> _THE TASK_: All of the records listed below should be retyped exactly.

> _DATASET RECORDS_:
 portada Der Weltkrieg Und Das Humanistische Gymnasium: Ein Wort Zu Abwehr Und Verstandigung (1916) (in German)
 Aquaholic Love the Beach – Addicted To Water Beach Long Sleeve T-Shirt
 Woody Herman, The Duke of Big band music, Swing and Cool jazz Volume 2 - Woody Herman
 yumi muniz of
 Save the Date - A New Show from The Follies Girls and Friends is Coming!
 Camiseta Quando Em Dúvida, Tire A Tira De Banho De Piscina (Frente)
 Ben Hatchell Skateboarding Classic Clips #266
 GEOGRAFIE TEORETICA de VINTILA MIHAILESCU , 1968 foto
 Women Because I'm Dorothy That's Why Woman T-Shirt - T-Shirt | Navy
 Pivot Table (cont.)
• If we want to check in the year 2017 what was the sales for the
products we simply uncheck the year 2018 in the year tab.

> _EXERCISE SOLUTION_:
 portada Der Weltkrieg Und Das Humanistische Gymnasium: Ein Wort Zu Abwehr Und Verstandigung (1916) (in German)
 Aquaholic Love the Beach – Addicted To Water Beach Long Sleeve T-Shirt
 Woody Herman, The Duke of Big band music, Swing and Cool jazz Volume 2 - Woody Herman
 yumi muniz of
 Save the Date - A New Show from The Follies Girls and Friends is Coming!
 Camiseta Quando Em Dúvida, Tire A Tira De Banho De Piscina (Frente)
 Ben Hatchell Skateboarding Classic Clips #266
 GEOGRAFIE TEORETICA de VINTILA MIHAILESCU , 1968 foto
 Women Because I'm Dorothy That's Why Woman T-Shirt - T-Shirt | Navy
 Pivot Table (cont.)
• If we want to check in the year 2017 what was the sales for the
products we simply uncheck the year 2018 in the year tab.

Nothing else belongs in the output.